In Bezug auf die Pflege von Familienangehörigen ist zunächst einmal eindeutig, dass hiervon die "nahen Familienangehörigen" gem. § 3 Abs. 1 i.V.m. § 7 Abs. 3 PflegeZG umfasst sind. Nahe Angehörige im Sinne dieses Gesetzes sind gem. § 7 Abs. 3 PflegeZG Großeltern, Eltern, Schwiegereltern, Stiefeltern, Ehegatten, Lebenspartner, Partner einer eheähnlichen oder lebenspartnerschaftsähnlichen Gemeinschaft, Geschwister, Ehegatten der Geschwister und Geschwister der Ehegatten, Lebenspartner der Geschwister und Geschwister der Lebenspartner, Kinder, Adoptiv- oder Pflegekinder, Kinder, Adoptiv- oder Pflegekinder des Ehegatten oder Lebenspartners, Schwiegerkinder und Enkelkinder. Diese müssen pflegebedürftig sein; der Nachweis der Pflegebedürftigkeit erfolgt über die Pflegekassen bzw. bei Privatversicherten über entsprechende Nachweise (§ 3 Abs. 2 PflegeZG).
Wenn § 38 Abs. 3 GmbHG – entgegen § 3 Abs. 1 PflegeZG – das Merkmal der "nahen" Angehörigen nicht benennt, stellt sich auch hier die Frage, ob dieses einschränkende Tatbestandsmerkmal in § 38 Abs. 3 GmbHG Anwendung findet.
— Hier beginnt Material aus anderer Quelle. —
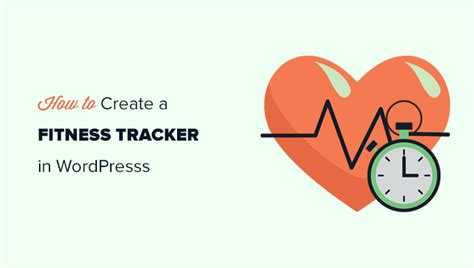 Comment créer un tracker de fitness dans WordPress avec des graphiques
Beraterhinweis Aufgrund des weiten Umfangs der Definition der nahen Angehörigen in § 7 PflegeZG ist davon auszugehen, dass ein Näheverhältnis auch i.R.d. § 38 Abs. 3 GmbHG erforderlich ist, um dem vom Gesetzgeber beabsichtigten Leitbildgedanken gerecht zu werden und eine ausufernde Auszeitoption zu verhindern.
Ebenfalls fraglich ist, ob der Anspruch auf Auszeit gemäß den Regelungen des § 3 Abs. 1 S. 2 PflegeZG nur in Gesellschaften mit in der Regel mehr als 15 Beschäftigten besteht. Auch hier folgt aus der ungenauen Referenzierung auf den Leitgedanken des PflegeZG eine nicht unerhebliche Rechtsunsicherheit.
Beraterhinweis Da die Regelung des § 3 Abs. 1 S. 2 PflegeZG das Ergebnis eines Überforderungsschutzes der Gesellschaft ist, spricht einiges dafür, diese Beschränkung i.R.d. § 38 Abs. 3 GmbHG nicht anzuwenden. Allerdings dürfte diese Grenze i.R.d. § 38 Abs. 3 GmbHG selten Relevanz erlangen, da Gesellschaften von 15 oder weniger Beschäftigten regelmäßig nicht über mehr als einen GF verfügen, so dass der Anwendungsbereich des § 38 Abs. 3 GmbHG nicht eröffnet ist.
Auch der Begriff der Krankheit wurde in § 38 Abs. 3 GmbHG nicht näher definiert. Hier ist auf das gesetzliche Leitbild des Entgeltfortzahlungsgesetzes abzustellen, dass eine Auszeit generell nur in Betracht kommt, wenn der GF an der Ausübung seiner organschaftlichen Pflichten gehindert ist. Der GF kann damit eine Auszeit in den Fällen verlangen, in denen – vergleichbar bei Arbeitnehmern – eine Arbeitsunfähigkeit gem. § 3EFZG vorliegt.
Beraterhinweis Es liegt in Problemfällen nahe, in dieser Fallgruppe abzustellen
- auf die Rechtsprechung der ArbG zu den Anforderungen an eine Arbeitsunfähigkeitsbescheinigung sowie
- deren Beweiswert und die Erschütterung dieses Beweiswertes.
Anders als bei Arbeitnehmern kann die Gesellschaft jedoch auf die Angabe der Krankheitsgründe bestehen, um i.R.d. Ausübung des Ermessens eine adäquate Einzelfallentscheidung treffen zu können.